SHAREHOLDER PROPOSALS

The following Shareholder Proposals have been submitted on behalf of Christopher E. Damas of 55 Constance Street, Toronto, ON M6R 1S5 for consideration at the Annual and Special Meeting of Shareholders. The proposals and the supporting statements, which, following their submission to the Corporation and with the consent of the Corporation, were subsequently amended, are set out in their entirety in italics below:

PROPOSAL NO. 1

Increase the number of directors unrelated to management and unrelated to Brascan to reflect the percentage equity and voting interest of the public shareholder.

    The exact number of such directors will vary depending on the success of the proposed Merger with Falconbridge and the proposed Issuer Bid, announced on March 9, 2005.

Statement in Support of this Proposal:

Last year's fourteen-member Board represented an even split between seven Brascan-related and management-related directors, and seven unrelated directors, even though the public shareholder had a majority 58.7% interest in the Corporation.As recently as 1997-1998, the Board of Noranda had 16 directors.

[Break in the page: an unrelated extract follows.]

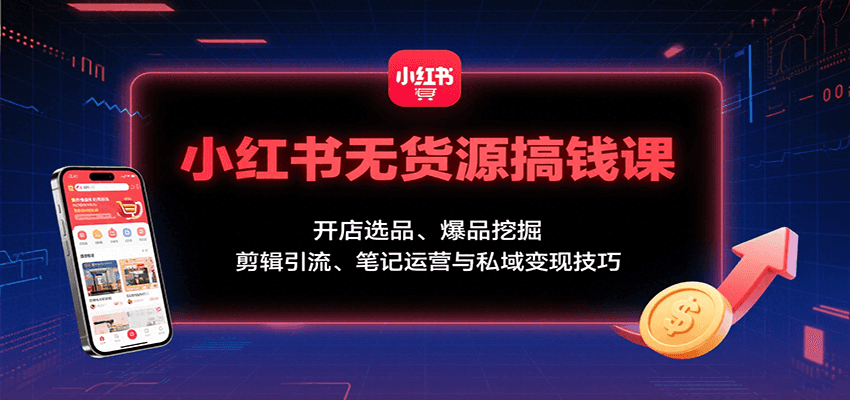 小红书无货源搞钱课：开店选品、爆品挖掘，剪辑引流、笔记运营与私域变现技巧-资源V站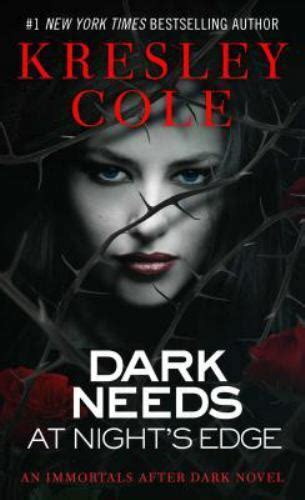 dark needs at nights edge immortals after dark book 4 Reader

This was downsized to 14 at the 1999 Annual General Meeting.

    TSX Guidelines for Corporate Governance require boards of corporations with a significant shareholder to "include a number of directors who do not have interests in or relationships with either the corporation or the significant shareholder and which fairly reflects the investment in the corporation by the shareholders other than the significant shareholder" (Section 474-2).

    NYSE Rules on Corporate Governance state that "no director qualifies as "independent" unless the board of directors affirmatively determines that the director has no material relationship with the listed company (either directly or as a partner, shareholder or officer of an organization that has a relationship with the company)" (Section 303A-2a).

    Brascan's 41.3% equity and voting interest in Noranda at market value represented approximately 10% of Brascan's assets, as of December 31, 2004. The objectives of Brascan cannot, nor can they reasonably be perceived to be, exactly the same as Noranda's.

    The Brascan common share interest is scheduled to decline to approximately 29% under the terms of a proposed Merger with Falconbridge. The number of Brascan-related directors should be limited to their percentage common equity and voting interest.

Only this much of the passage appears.